ASSIGNMENT – Below, find the line containing "Immagine prodotto Project" and the line containing "Змінні амбушюри KOSS"; reproduce exactly those two and every line between them, omitting pictures.

DATASET RECORDS –
_ _ _ _ _
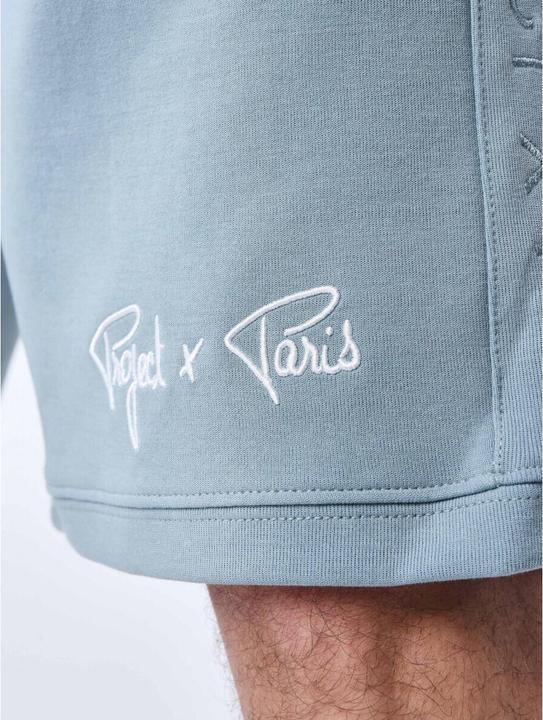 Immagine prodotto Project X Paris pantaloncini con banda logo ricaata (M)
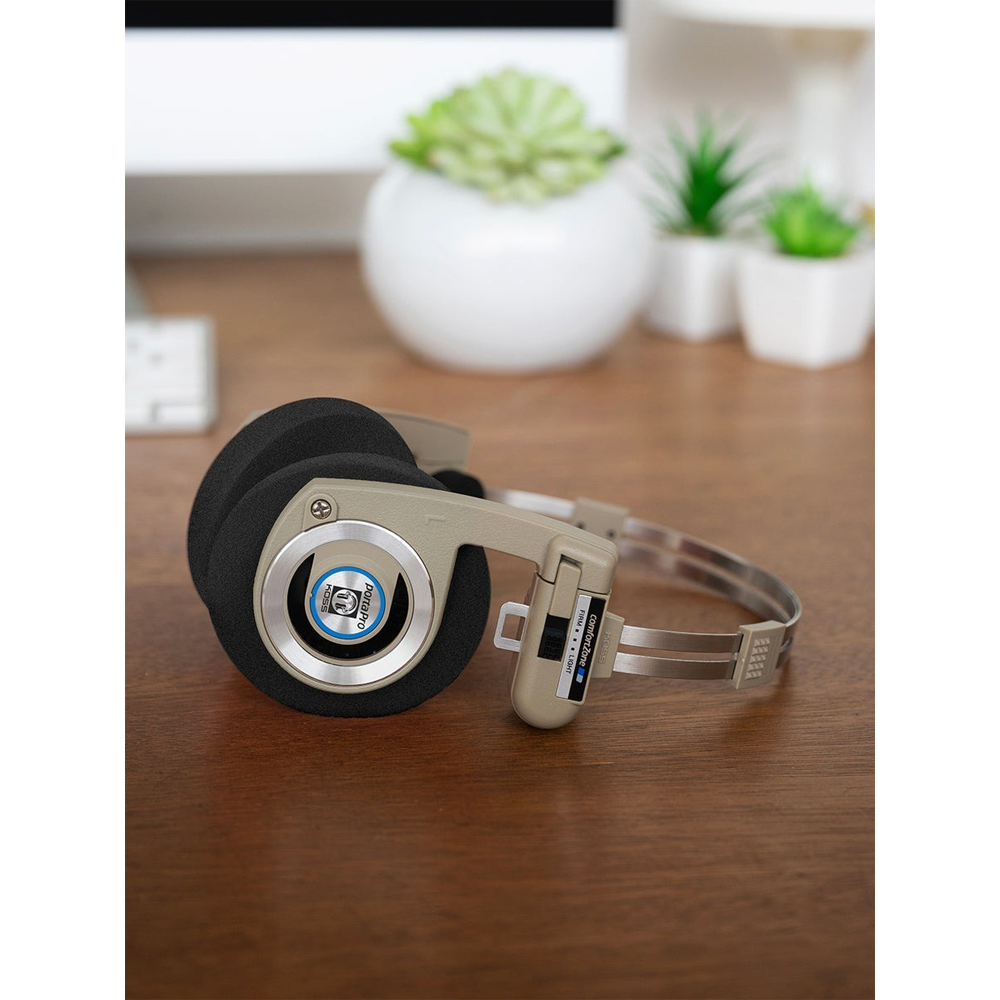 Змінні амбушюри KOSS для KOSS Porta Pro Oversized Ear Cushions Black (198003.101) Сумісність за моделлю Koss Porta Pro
_ _ _ _ _
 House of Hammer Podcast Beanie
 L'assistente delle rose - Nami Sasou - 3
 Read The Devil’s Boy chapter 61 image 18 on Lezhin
_ _ _ _ _
RESPONSE AREA –
 Immagine prodotto Project X Paris pantaloncini con banda logo ricaata (M)
 Змінні амбушюри KOSS для KOSS Porta Pro Oversized Ear Cushions Black (198003.101) Сумісність за моделлю Koss Porta Pro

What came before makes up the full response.